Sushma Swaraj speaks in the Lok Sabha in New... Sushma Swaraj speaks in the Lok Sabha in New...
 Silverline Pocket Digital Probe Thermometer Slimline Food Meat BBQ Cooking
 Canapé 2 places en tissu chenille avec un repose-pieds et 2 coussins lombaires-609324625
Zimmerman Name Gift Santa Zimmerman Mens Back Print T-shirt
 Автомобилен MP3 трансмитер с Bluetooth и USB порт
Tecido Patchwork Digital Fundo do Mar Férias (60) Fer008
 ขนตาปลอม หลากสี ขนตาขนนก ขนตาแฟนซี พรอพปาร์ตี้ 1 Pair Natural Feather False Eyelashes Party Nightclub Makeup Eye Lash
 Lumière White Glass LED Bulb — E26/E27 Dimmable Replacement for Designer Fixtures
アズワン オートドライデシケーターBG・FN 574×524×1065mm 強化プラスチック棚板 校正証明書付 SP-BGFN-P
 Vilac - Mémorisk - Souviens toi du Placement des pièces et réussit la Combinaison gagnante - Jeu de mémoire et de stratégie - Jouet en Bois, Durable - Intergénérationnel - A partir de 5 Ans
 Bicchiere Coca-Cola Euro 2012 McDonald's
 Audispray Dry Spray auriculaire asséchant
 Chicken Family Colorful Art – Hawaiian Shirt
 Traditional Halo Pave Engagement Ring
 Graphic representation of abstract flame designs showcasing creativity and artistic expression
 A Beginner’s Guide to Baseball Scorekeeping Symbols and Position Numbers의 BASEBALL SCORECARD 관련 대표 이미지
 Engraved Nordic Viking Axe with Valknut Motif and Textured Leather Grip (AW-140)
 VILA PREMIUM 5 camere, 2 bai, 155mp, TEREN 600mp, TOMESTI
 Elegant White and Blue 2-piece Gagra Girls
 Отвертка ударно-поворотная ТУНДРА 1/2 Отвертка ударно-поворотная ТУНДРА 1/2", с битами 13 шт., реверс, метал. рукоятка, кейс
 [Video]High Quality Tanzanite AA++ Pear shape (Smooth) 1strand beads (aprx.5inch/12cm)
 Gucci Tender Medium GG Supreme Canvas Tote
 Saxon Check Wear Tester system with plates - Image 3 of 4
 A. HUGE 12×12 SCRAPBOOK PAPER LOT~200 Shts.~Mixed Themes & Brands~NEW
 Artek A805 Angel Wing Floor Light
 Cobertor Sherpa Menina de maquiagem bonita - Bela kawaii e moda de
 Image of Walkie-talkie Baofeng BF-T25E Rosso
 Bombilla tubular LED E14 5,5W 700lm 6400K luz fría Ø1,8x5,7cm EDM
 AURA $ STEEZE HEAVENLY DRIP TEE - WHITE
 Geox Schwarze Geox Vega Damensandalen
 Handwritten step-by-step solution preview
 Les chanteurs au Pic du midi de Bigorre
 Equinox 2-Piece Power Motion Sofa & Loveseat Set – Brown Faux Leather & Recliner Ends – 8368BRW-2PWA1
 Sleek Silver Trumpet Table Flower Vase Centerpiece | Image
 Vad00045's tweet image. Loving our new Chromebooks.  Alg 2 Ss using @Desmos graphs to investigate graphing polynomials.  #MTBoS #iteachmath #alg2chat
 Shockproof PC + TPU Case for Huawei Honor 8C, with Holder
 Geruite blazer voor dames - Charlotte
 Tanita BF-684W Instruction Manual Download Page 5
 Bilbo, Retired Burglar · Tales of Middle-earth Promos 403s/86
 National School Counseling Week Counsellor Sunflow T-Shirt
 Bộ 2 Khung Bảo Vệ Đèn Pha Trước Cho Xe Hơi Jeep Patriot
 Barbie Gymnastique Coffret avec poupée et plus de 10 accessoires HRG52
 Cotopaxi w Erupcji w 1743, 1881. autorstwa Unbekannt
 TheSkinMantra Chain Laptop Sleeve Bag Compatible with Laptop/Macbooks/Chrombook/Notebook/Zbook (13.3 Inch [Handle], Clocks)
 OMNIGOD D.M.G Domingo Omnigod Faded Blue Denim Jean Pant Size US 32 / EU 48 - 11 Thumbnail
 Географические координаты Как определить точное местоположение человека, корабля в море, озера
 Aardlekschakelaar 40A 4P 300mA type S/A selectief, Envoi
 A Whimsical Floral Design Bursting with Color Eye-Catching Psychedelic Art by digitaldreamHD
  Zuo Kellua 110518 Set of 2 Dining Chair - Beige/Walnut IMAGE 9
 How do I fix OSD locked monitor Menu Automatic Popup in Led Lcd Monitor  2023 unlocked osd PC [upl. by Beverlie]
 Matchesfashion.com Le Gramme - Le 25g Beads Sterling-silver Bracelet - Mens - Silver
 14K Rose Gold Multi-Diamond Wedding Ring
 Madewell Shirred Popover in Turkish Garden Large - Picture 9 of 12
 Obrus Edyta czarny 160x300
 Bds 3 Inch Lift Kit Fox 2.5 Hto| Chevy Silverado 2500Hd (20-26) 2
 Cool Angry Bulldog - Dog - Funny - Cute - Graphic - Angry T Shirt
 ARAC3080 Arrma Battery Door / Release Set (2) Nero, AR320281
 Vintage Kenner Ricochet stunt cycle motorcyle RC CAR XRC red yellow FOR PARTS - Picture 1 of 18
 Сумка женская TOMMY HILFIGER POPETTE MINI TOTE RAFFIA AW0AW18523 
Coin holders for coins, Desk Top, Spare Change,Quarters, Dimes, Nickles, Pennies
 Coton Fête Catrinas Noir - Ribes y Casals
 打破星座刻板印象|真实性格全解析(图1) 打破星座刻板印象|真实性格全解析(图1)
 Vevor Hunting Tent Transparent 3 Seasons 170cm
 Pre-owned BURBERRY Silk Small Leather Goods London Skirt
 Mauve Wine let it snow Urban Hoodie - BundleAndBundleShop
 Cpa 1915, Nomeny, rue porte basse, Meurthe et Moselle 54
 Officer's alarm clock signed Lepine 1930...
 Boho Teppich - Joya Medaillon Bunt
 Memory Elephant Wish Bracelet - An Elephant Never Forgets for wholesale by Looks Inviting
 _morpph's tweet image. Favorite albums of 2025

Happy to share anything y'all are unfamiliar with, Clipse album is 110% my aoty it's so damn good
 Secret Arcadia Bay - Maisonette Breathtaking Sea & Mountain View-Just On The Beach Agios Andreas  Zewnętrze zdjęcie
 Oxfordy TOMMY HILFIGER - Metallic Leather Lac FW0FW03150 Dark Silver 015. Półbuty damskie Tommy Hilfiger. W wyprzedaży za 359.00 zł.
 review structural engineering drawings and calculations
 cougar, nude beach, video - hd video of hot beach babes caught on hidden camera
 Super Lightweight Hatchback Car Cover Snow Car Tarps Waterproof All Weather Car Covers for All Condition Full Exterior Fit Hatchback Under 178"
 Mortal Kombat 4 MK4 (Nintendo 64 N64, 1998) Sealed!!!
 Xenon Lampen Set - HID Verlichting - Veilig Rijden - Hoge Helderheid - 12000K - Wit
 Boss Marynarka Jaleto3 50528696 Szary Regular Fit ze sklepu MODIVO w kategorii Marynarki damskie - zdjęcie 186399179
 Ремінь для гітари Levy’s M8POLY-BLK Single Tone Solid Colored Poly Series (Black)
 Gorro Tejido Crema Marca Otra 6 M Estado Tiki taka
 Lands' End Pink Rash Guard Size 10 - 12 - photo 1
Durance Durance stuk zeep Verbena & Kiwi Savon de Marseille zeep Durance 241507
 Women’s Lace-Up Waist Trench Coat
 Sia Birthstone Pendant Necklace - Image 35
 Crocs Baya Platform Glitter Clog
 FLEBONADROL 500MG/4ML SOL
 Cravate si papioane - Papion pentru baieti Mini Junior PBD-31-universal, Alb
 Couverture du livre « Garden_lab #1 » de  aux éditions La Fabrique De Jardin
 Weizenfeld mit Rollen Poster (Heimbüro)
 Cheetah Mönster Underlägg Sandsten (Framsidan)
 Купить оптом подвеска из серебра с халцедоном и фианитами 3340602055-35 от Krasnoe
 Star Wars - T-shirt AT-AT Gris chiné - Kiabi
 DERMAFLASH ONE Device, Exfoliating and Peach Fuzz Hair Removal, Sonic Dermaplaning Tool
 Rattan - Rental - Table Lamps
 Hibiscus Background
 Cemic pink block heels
::::::
**TASK**: Working from the material above, retype exactly the lines from the one with "Les chanteurs au Pic du midi de Bigorre" through the one with "Tanita BF-684W Instruction", both included, and only those lines.

**WRITTEN REPLY**:
 Les chanteurs au Pic du midi de Bigorre
 Equinox 2-Piece Power Motion Sofa & Loveseat Set – Brown Faux Leather & Recliner Ends – 8368BRW-2PWA1
 Sleek Silver Trumpet Table Flower Vase Centerpiece | Image
 Vad00045's tweet image. Loving our new Chromebooks.  Alg 2 Ss using @Desmos graphs to investigate graphing polynomials.  #MTBoS #iteachmath #alg2chat
 Shockproof PC + TPU Case for Huawei Honor 8C, with Holder
 Geruite blazer voor dames - Charlotte
 Tanita BF-684W Instruction Manual Download Page 5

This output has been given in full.